Breathtaking is an online presentation published by Undark. You may recognize it from an earlier post of mine: Ten Things About “Breathtaking” that Took Mine Away It’s purpose is to educate people on the dangers, and spread of PM2.5, a dangerous air pollutant subparticle that is less than one tenth the diameter of a strand of hair. Despite it’s diminutive size, it is extremely deadly. I won’t steal any more of their thunder here. If you want to learn more (and I hope you do! Never hurts to know every item on the list of things wrong with the world, we kinda need to fix em all if we’re going to survive for future generations), I encourage you to check out the page, which is linked above at least twice.
My previous post is a listicle celebrating things I liked about the project, this one’s purpose will be to review it as a presentation, from aesthetics to design with a few things in between.
The use of color for Breathtaking is excellent; very well thought out and executed.
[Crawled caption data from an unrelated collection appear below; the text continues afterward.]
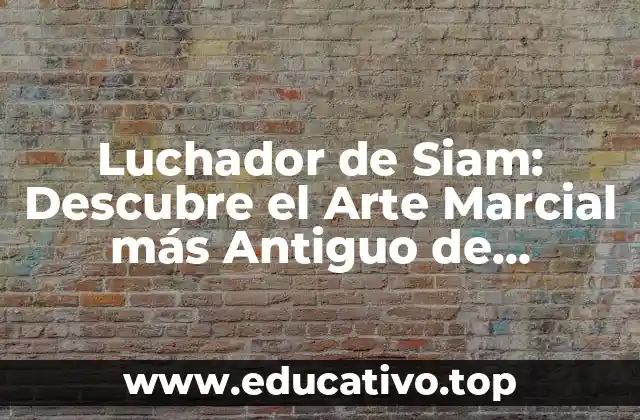 Luchador de Siam: Descubre el Arte Marcial más Antiguo de Tailandia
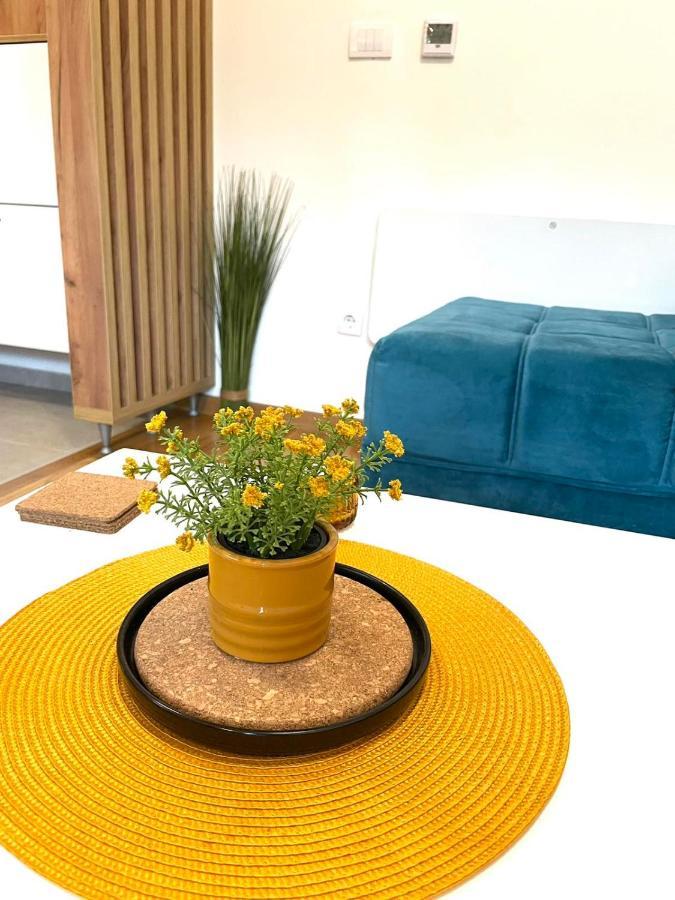 Zlatibor Apartman Luxury & Spa Dijana エクステリア 写真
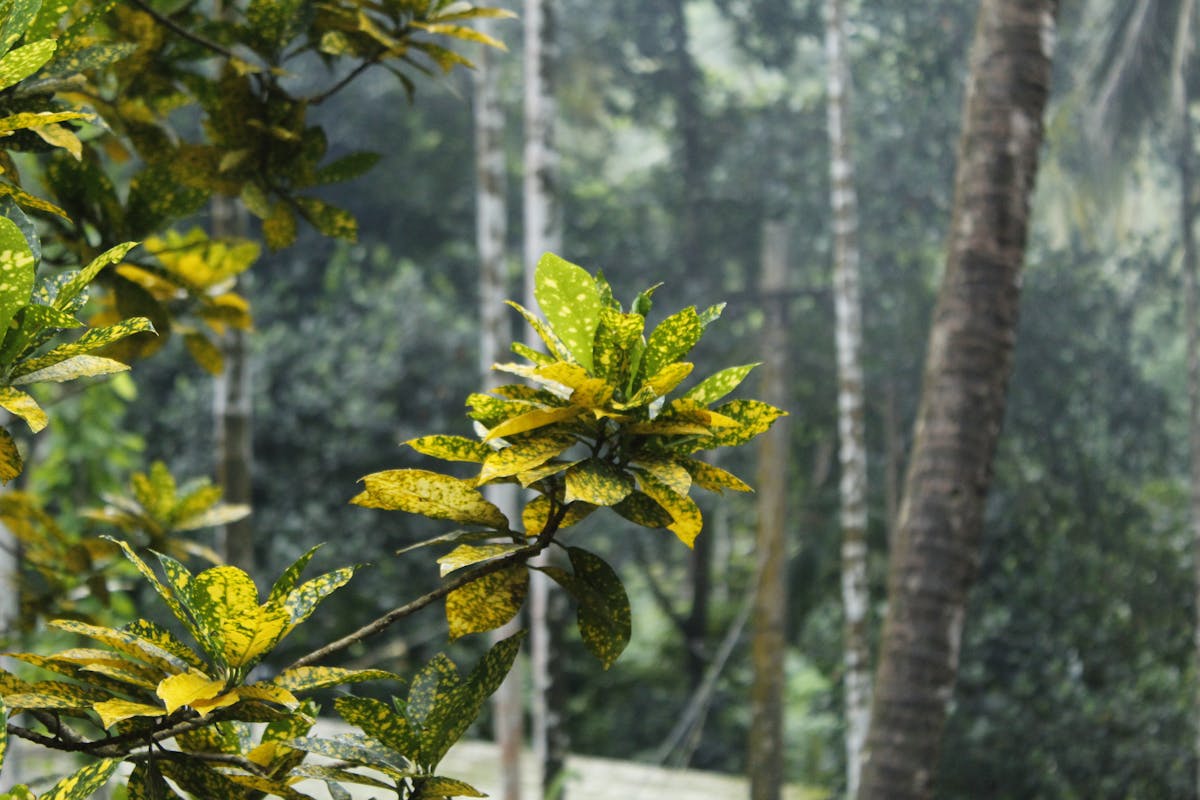🚩 ¿Tu cámera de seguridad en casa es solo una excusa para ...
The site where the presentation rests is very dark (ironically contrasting it’s name). It’s palette consists largely of black, white, and shades of brown as depicted in the image illustrating the size of PM2.5. This is also true for many of their images as well, as shown in the two above. There are others like them, that share these three main colors. I feel that this is an excellent use of color, as it matches the colors of the photography they utilize, making them work well together. There was clearly attention paid when considering color. Using black as a background color, and keeping it from being too colorful in most places, gives it a serious feel, which is appropriate given the topic at hand. It also makes the words pop as they are a light color (mostly white, though some are that shade of brown). Even when other colors are present they seem to somehow have an image that goes keeps up with it in terms of color, while still keeping to their main palette, as depicted on the left.
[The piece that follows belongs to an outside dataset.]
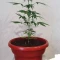 Gelato Auto Cannabis-Samen Kaufen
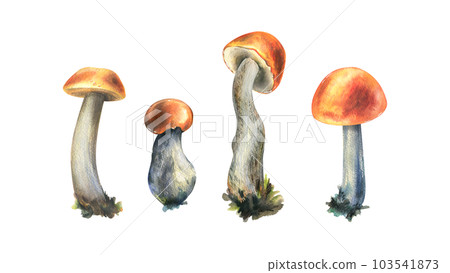 Forest edible mushrooms boletus with an orange cap and moss on a stem. Watercolor illustration, hand drawn. For recipes, packaging, autumn festival, harvest. Isolated objects on a white background. Forest edible mushrooms boletus with an orange cap and moss on a stem. Watercolor illustration, hand drawn. For recipes, packaging, autumn festival, harvest. Isolated objects on a white background. 103541873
There are sensory elements, outside of sight, but they aren’t too enumerate. To me, it doesn’t feel inadequate though. They make use of links that take you to quite a lot of relevant places, videos, and interactive graphs, charts, and maps (some of which I believe update in real time), to help you see and understand the severity of this microscopic menace. I think this is a job well done, given that anymore relevant interactivity would likely revolve around a physical reaction to PM2.5 which technically we’re having constantly so you know what? I’m counting that for them too.
Some of this follows interactivity, in that it makes use of things that utilize more of your senses than sight, but this kind of gets into the specifics and how they contribute to the story itself. The pictures are there for us to examine, and in them, we can not only see these parts of the world littered with dust, we see the people who are living amongst it. We can see some of how unclean the air is. Providing us both evidence, and a degree of experience with this epidemic. On top of that we get to see real faces of people who have been heavily effected by this. We get more information on the cleanliness of the air in all the charts, and maps. While the videos and links give various types of information, be it on PM2.5 directly, or how a specific area is being affected, and much more.
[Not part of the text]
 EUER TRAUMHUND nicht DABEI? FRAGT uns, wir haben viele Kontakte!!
I think the presentation is designed very well overall. The use of black as a background color offers yet another function, in being easier on the eyes to read (in addition to other benefits that have given rise to ‘dark modes’ for many devices, applications, etc). Nothing is redundant, unnecessary, or out of place. It links to seven subpages for specific countries at the top, acknowledgements, discreetly tucked into the top right corner, and is overall formatted simply and cleanly, which you know I like. All of the site buttons that aren’t on the sticky bar up top, are at the bottom, and while they are kind of packed in the only thing poorly done is the text describing the newsletter box is very close in color to the box itself. Which is overall not too bad, and extends beyond Breathtaking to Undark proper.
I think this is overall, very well done, informative, and creative. The use of color for a generally, visually uncreative minimalist like myself is a little mind blowing. It also found many creative ways to get it’s information across, and covered a little know, but vastly important topic. Very well done indeed.